Print each line below verbatim, skipping every picture.
(Beginning of Stored data)
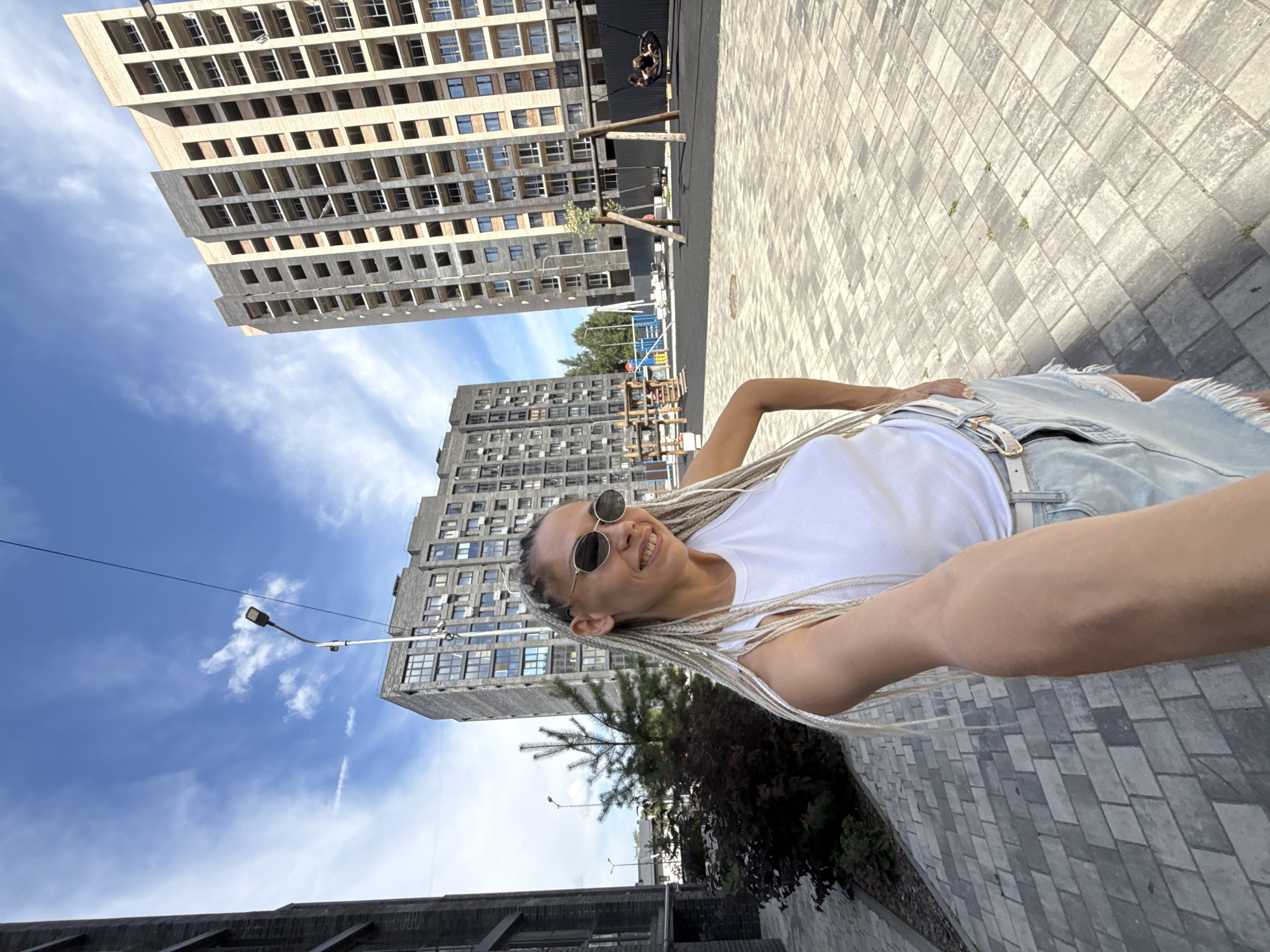 A selfie taken on a paved courtyard in a residential area of Rusanovo, Russia shows a woman with blonde braided hair, wearing a white tank top, denim skirt, and sunglasses. She is smiling and holding the camera at arm's length. In the background, there are two multi-story apartment buildings under construction, a playground with swings, and a street lamp. The sky is blue with scattered white clouds.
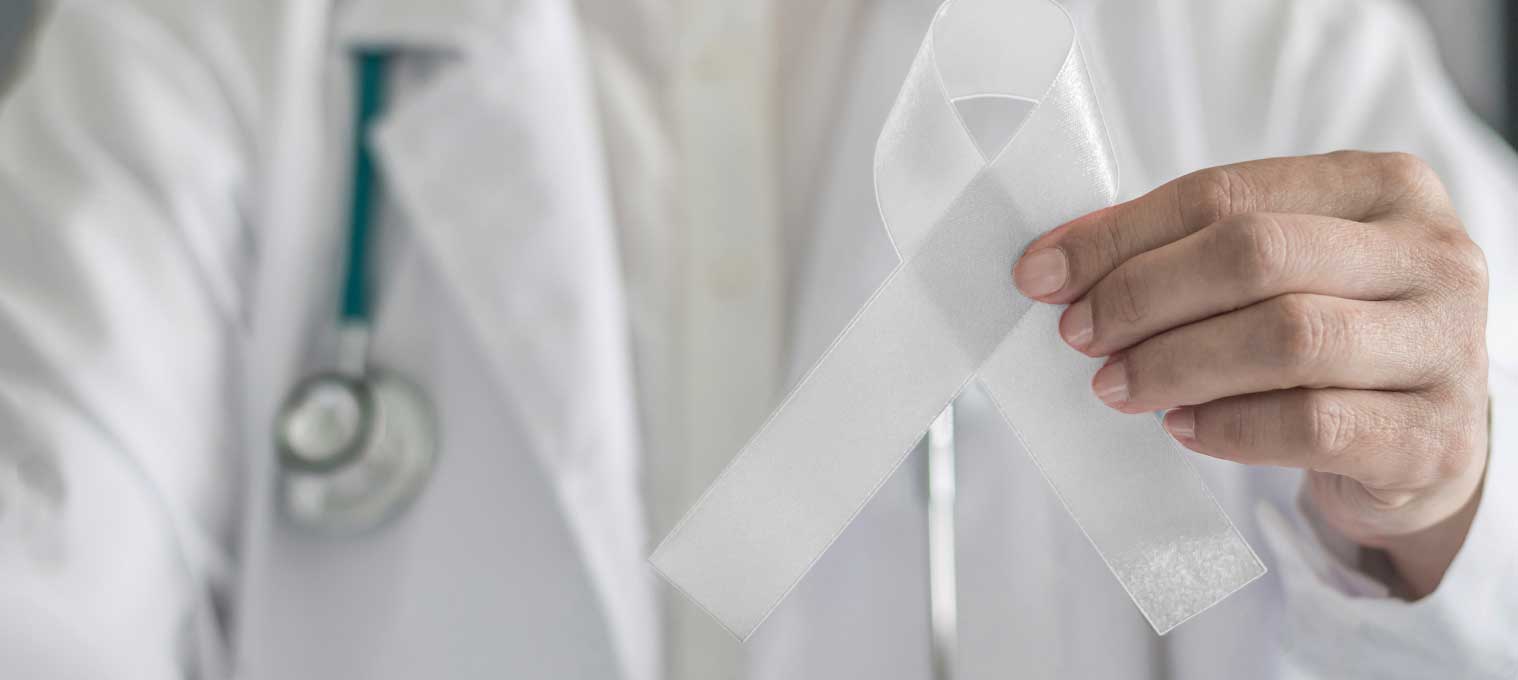 Mesothelioma ribbon held up by doctor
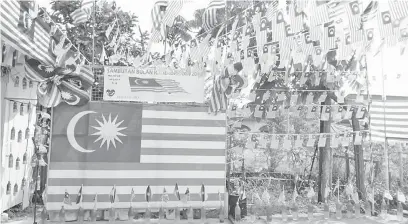  ??  ?? SEMANGAT: Bendera Sarawak dan Malaysia dipasang menghiasi pekarangan rumah Sitam.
(End of Stored data)
__Written answer__.
 A selfie taken on a paved courtyard in a residential area of Rusanovo, Russia shows a woman with blonde braided hair, wearing a white tank top, denim skirt, and sunglasses. She is smiling and holding the camera at arm's length. In the background, there are two multi-story apartment buildings under construction, a playground with swings, and a street lamp. The sky is blue with scattered white clouds.
 Mesothelioma ribbon held up by doctor
  ??  ?? SEMANGAT: Bendera Sarawak dan Malaysia dipasang menghiasi pekarangan rumah Sitam.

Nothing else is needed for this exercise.